On the north side of the hall, the mansion chapel has been preserved. The first floor contains economic and production rooms, including the monastery's winepress. The latter is a tall building with a nearly square plan, with the pendentive on the north side and stairs adjacent to the eastern and western walls leading to it (Fig. 5). The winepress is accessed from the south and has one window. The cellar is a vaulted structure with the only southern entrance, which is adjacent to the winepress from the west.
East of the mansion hall, a two-story guest house is constructed (Figs. 6, 7). On the first floor of the building, there are three vaulted rooms with niches and fireplaces on the walls. Similar rooms on the second floor open onto the balcony hall. Both the vaulted rooms and the open hall had fireplaces and wall niches with economic significance. The inscription on the eastern facade of the Dadivank's Katoghike Church, which states that Bishop Nerses of Charaberd donated a garden to the Dadivank guest house in 1253, attests to the building's use as a guest house (CAE 5, 204).
It's worth noting that the guest house was initially a one-story structure. Certain architectural elements, particularly the protrusions on the side parts of the entrances and their corresponding nodal solutions, as well as the large window openings and the difference in the plaster, indicate that the second floor was added later. The inscription "In the year of (1696)" carved on the vault of the first floor’s open hall presumably corresponds to the construction date of the second floor (Ayvazyan 2015, 78).
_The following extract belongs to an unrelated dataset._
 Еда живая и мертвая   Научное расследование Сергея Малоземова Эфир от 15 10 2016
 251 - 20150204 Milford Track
Several residential and economic buildings have been preserved in Dadivank, including one at the western end of the monument group and two adjacent to the chapel on the west side.
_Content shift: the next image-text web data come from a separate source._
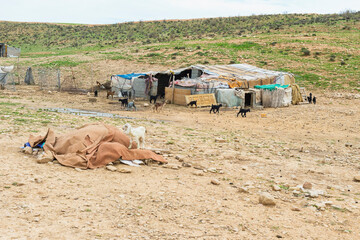 Qashqai nomad camp, Fars Province, Iran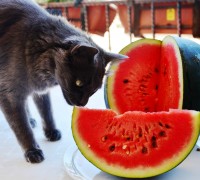 pepene-si-pisica (1)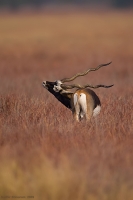 _MG_0003-Blackbuck.jpg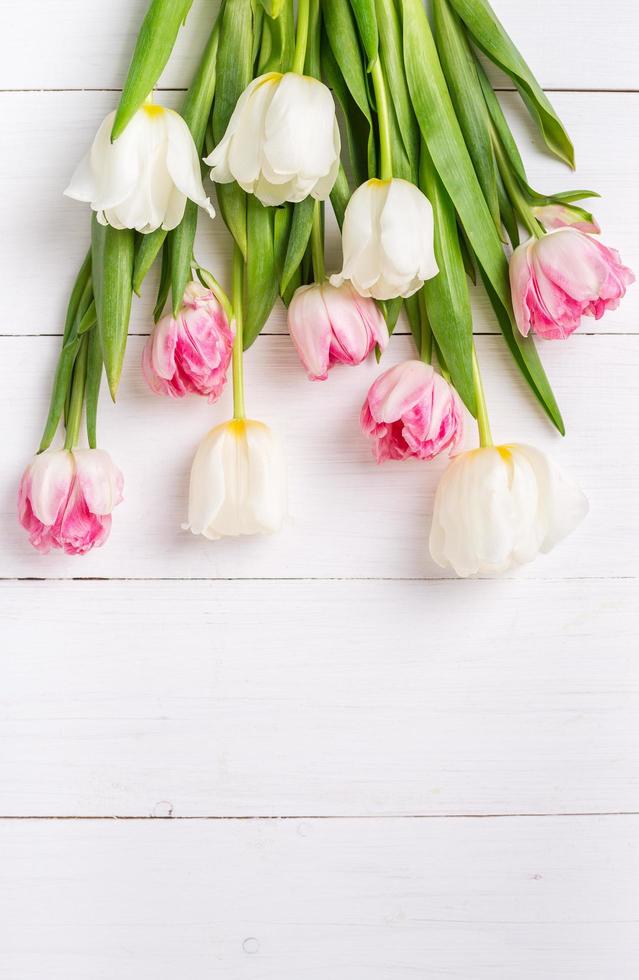 bei tulipani su fondo di legno bianco. umore primaverile foto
- Ayvazyan 2015 - Ayvazyan S., Restoration of Dadivank in 1997–2011, RAA publication, Yerevan.
- CAE 5-Corpus of Armenian Epigraphy, issue 5, Artsakh, Institute of Archaeology and Ethnography of the Armenian SSR, Publishing House of the USSR Academy of Sciences, Yerevan, 1982.
- Hasratyan 1992 – Hasratyan M., Artsakh School of Armenian Architecture, Publishing House of the Academy of Sciences of RA, Yerevan.
- Jalalyants 1858 – Jalalyants S., Journey to Greater Armenia, Part 2, Tiflis.
- Khalpakhchyan 1971 - Khalpakhchyan O., Civil architecture of Armenia (residential and public buildings), Stroyizdat Publishing, Moscow.